UNITED STATES: WALKING THE TRAIL OF THE CIVIL RIGHTS MOVEMENT

  • by Kerry Kennedy
  • Inter Press Service

Morris drove me past the State Capitol, where Jefferson Davis took the oath of office for the Confederacy. That's also where, as Attorney General, my father, Robert Kennedy, flew in demanding that Governor George Wallace comply with the Constitution, end segregation and allow African-American students to register at the University. The day of their meeting, April 25, 1963, Wallace removed the American flag and raised the Confederate flag from the Capitol dome. His vision of a divided America did not prevail.

We visited the Rosa Parks Museum, with its surreal reenactment of the scene on December 1, 1955, when the white bus driver demanded that Ms. Parks relinquish her seat to a white man. It was a woman, Jo Ann Robinson, who, after learning Ms. Parks had been jailed, gathered volunteers, mimeographed 35,000 handbills, and called for a boycott of the city bus system.
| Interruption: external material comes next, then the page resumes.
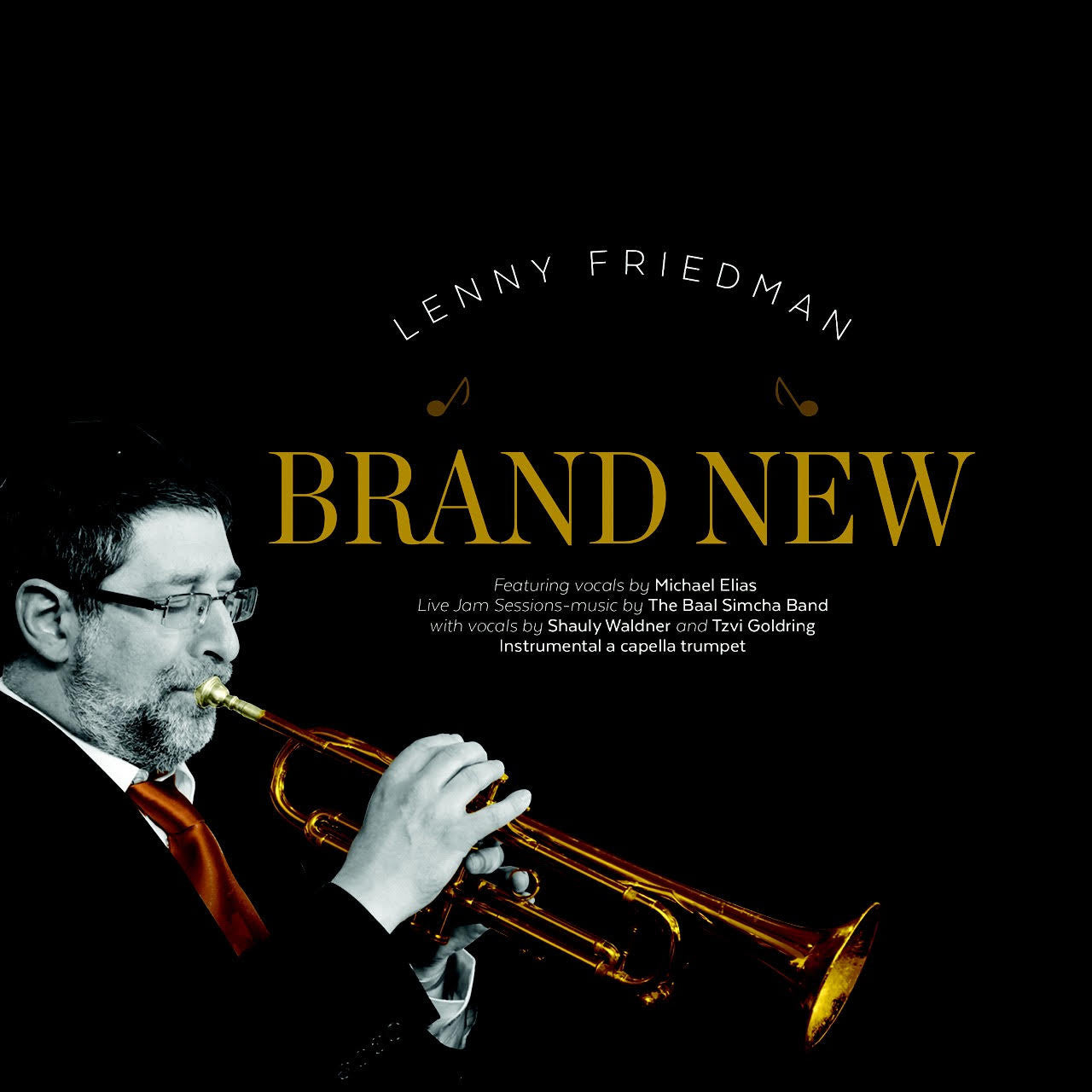 Lenny Friedman - Brand New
Three days later, citizens formed the Montgomery Improvement Association and elected Dr. Martin Luther King as President. He became the moral voice of the boycott. Starting Monday morning, 90% of the black community shunned the municipal bus system. The boycott lasted for thirteen months, until a Supreme Court decision declaring segregated buses to be unconstitutional took effect.

(*) Kerry Kennedy, President, Robert F. Kennedy (RFK) Center for Justice and Human Rights and Honorary Chair, RFK Foundation of Europe, Onlus.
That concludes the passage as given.